Tenleytown Group Files Court Appeal Over 86-Unit Church Redevelopment
A plan to redevelop a church in upper Northwest D.C. and add senior housing has received opposition from a neighborhood group, and it is now taking the project to court.
The Tenleytown Neighbors Association filed an appeal Friday with the D.C. Court of Appeals contesting the approval of the redevelopment of the Wisconsin Avenue Baptist Church site at 3920 Alton Place NW.
The church partnered with Sunrise Senior Living and filed an application with the Board of Zoning Adjustments in June 2018. The application called for demolishing and rebuilding the church and adding a four-story, 86-unit continuing care community on the site. The BZA approved the project in February 2019.
Throughout the BZA process, the Tenleytown Neighbors Association filed a series of motions in opposition to the project, including a 163-page letter. Several group members testified in opposition at a Nov. 14, 2018, hearing.
The group's arguments in opposition included the size of the proposed development and the traffic and noise it could create.

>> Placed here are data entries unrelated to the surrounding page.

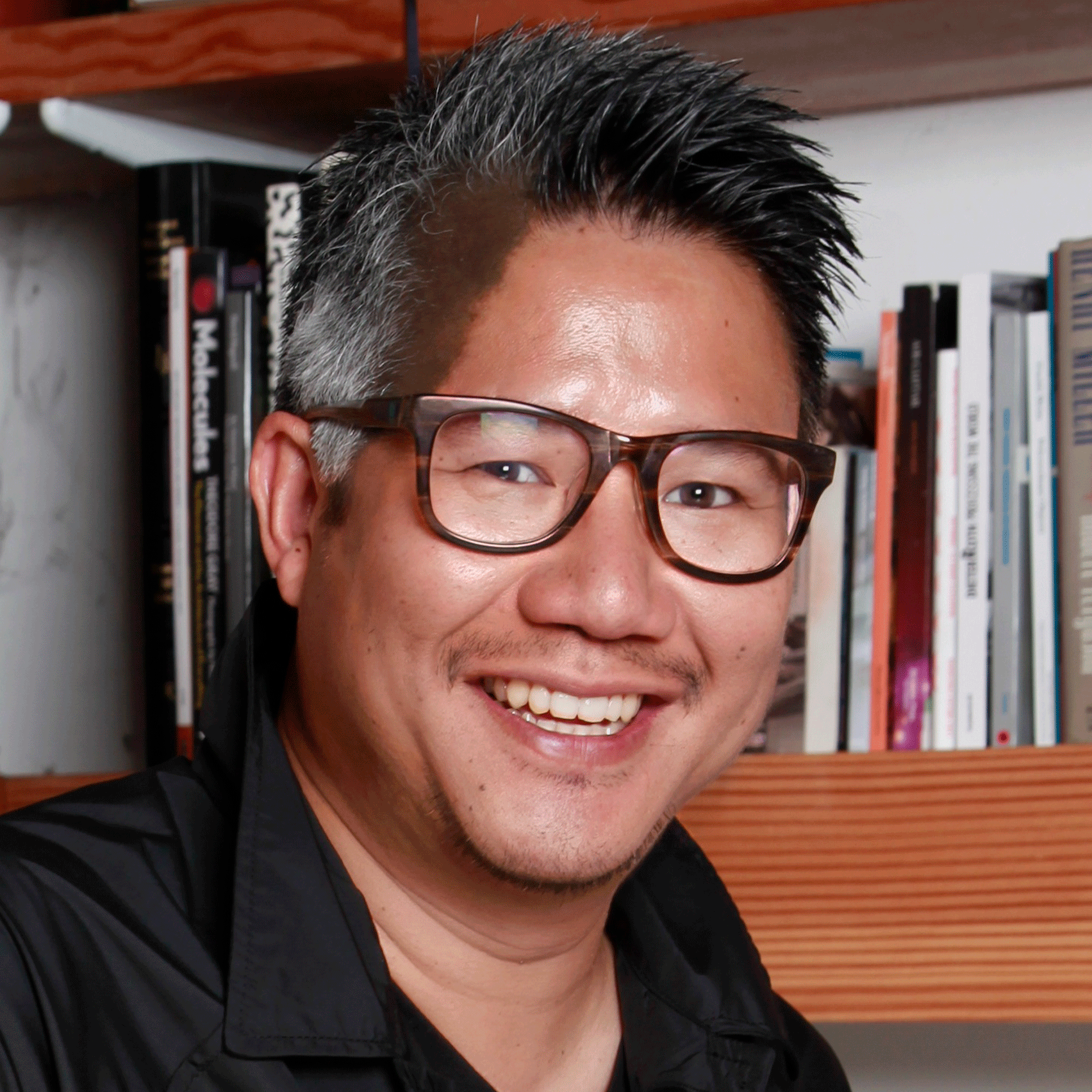 Portrait of Kulapat Yantrasast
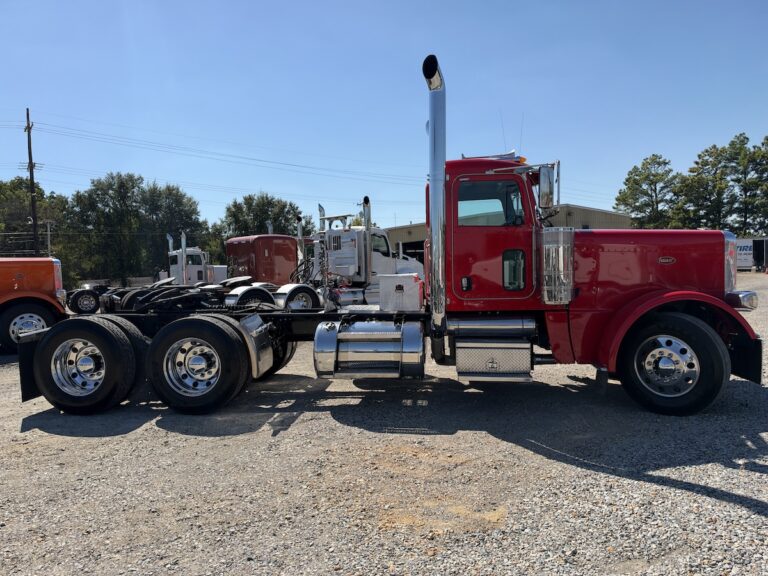 2018 PETERBILT 389 DAYCAB GLIDER KIT — photo 4
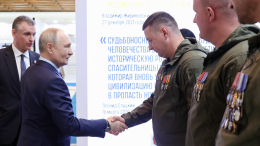 Путин старается регулярно общаться с представителями разных родов войск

"The lot at 3920 Alton is not large enough to accommodate the massive CCRC and this problem is exacerbated by the fact that the building would also include a church," the Tenleytown Neighbors Association wrote in an opposition letter. "The Sunrise project would be a serious overuse of the site, which shares a boundary with 5 single family detached homes."

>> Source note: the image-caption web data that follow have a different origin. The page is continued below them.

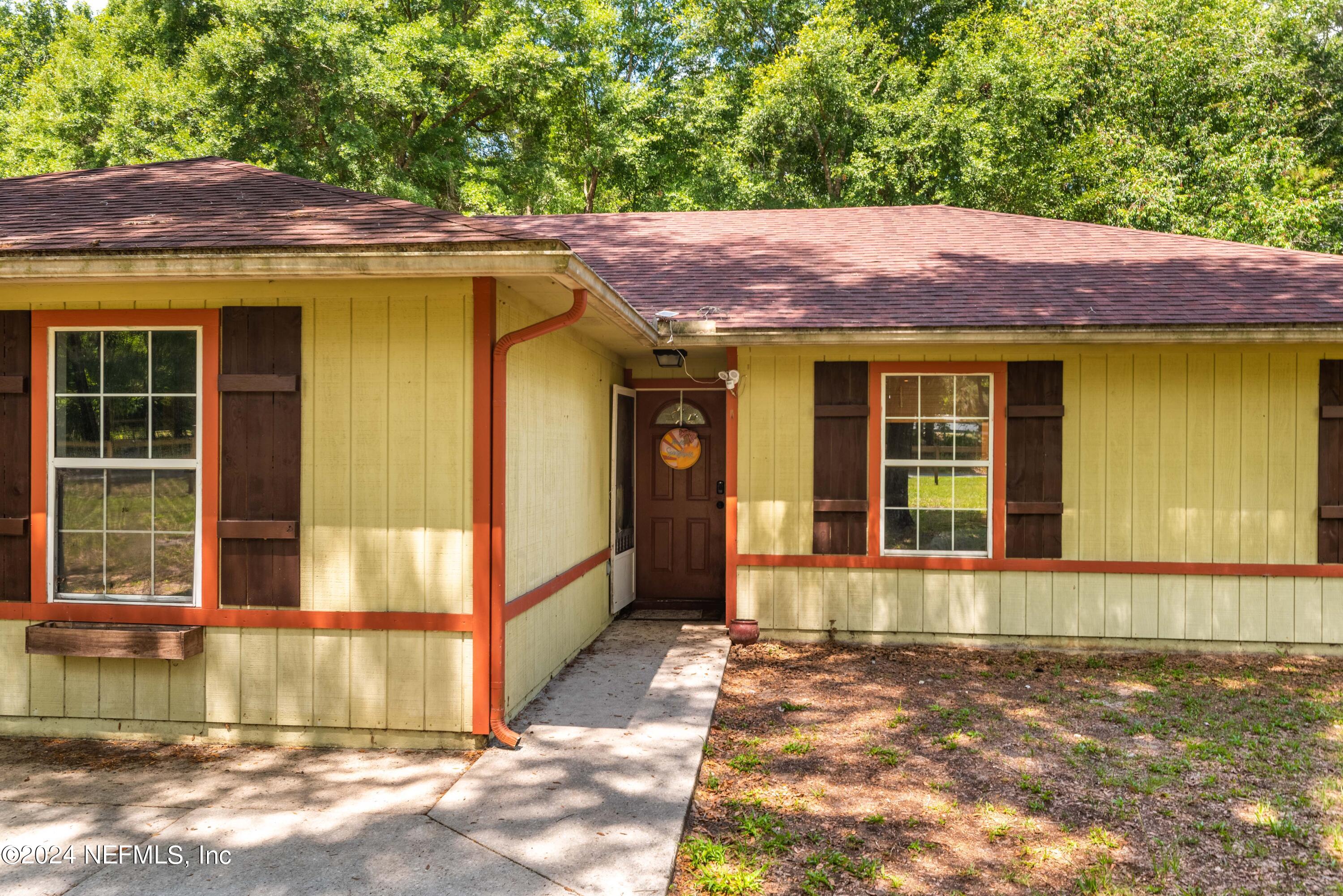 2592 Myrtle Loop Middleburg, FL 32068 - Photo 4 of 33 Front entry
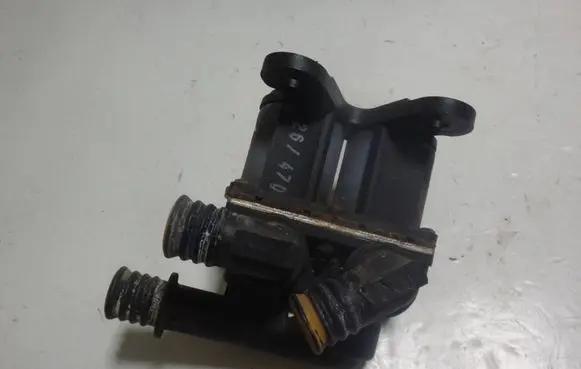 BMW 5 E34 Coolant heater control valve 8391417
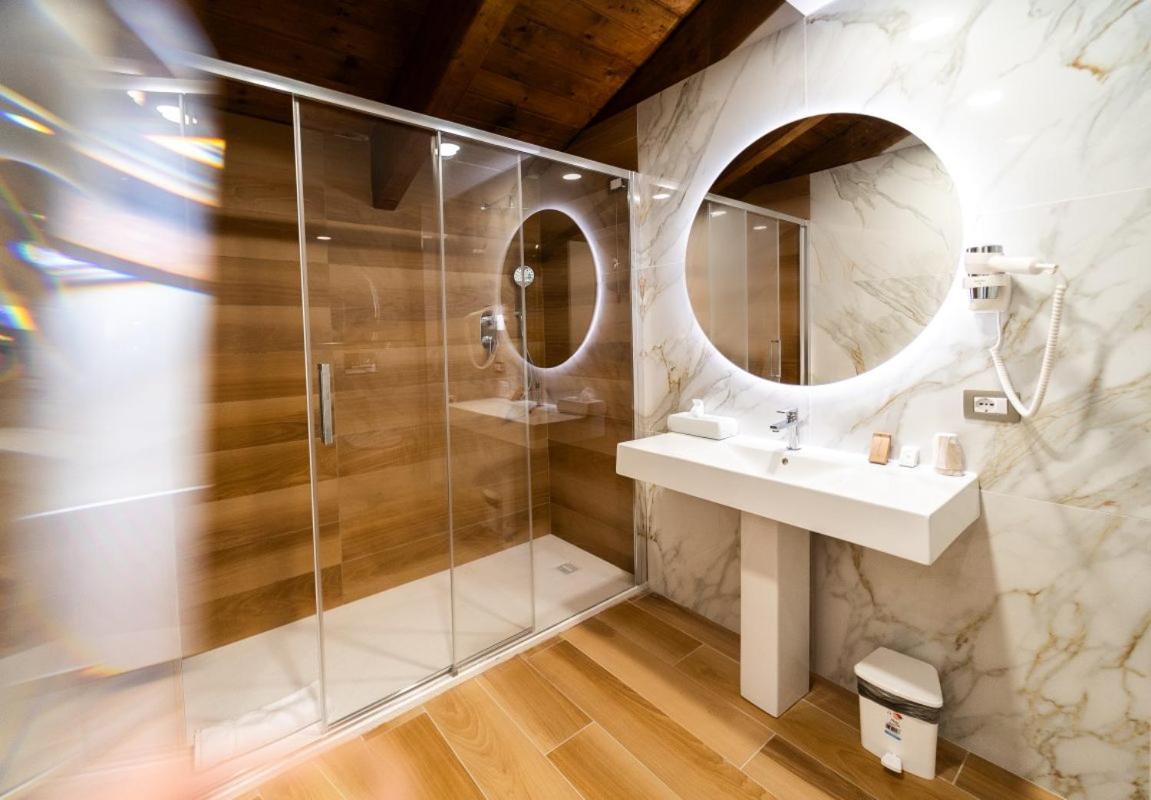 Hotel Pierfaone Abriola Екстериор снимка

The project was supported by Advisory Neighborhood Commission 3E. In its resolution of support, ANC 3E said the applicant made changes in design and agreed to mitigation efforts around traffic and noise.

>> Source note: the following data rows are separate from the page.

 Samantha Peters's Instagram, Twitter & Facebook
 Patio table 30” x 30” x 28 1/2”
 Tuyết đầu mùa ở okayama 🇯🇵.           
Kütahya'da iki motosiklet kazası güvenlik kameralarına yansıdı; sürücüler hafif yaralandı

It was also supported by groups including Ward 3 Vision and Coalition for Smarter Growth. CSG Policy Director Cheryl Cort submitted written testimony for the November 2018 hearing detailing the project's benefits.
"We support this project given the need by Wisconsin Avenue Baptist Church to renew its outmoded facility for religious uses," Cort wrote in the letter. "We support the project because it is sensitively designed, requiring only modest relief from zoning requirements. We support the project because we believe it is important to provide assisted living and memory care for DC and DC area families."
A member of the Tenleytown Neighbors Association who spoke in opposition, Juliet Six, filed another appeal in May 2018 over a 146-unit development in the neighborhood.
Residents across the city have appealed dozens of projects in recent years, delaying projects that would create thousands of new housing units. The appeals come as Mayor Muriel Bowser is pushing toward a goal of building 36,000 new units in D.C. by 2025, with a focus on adding housing in upper Northwest neighborhoods like Tenleytown.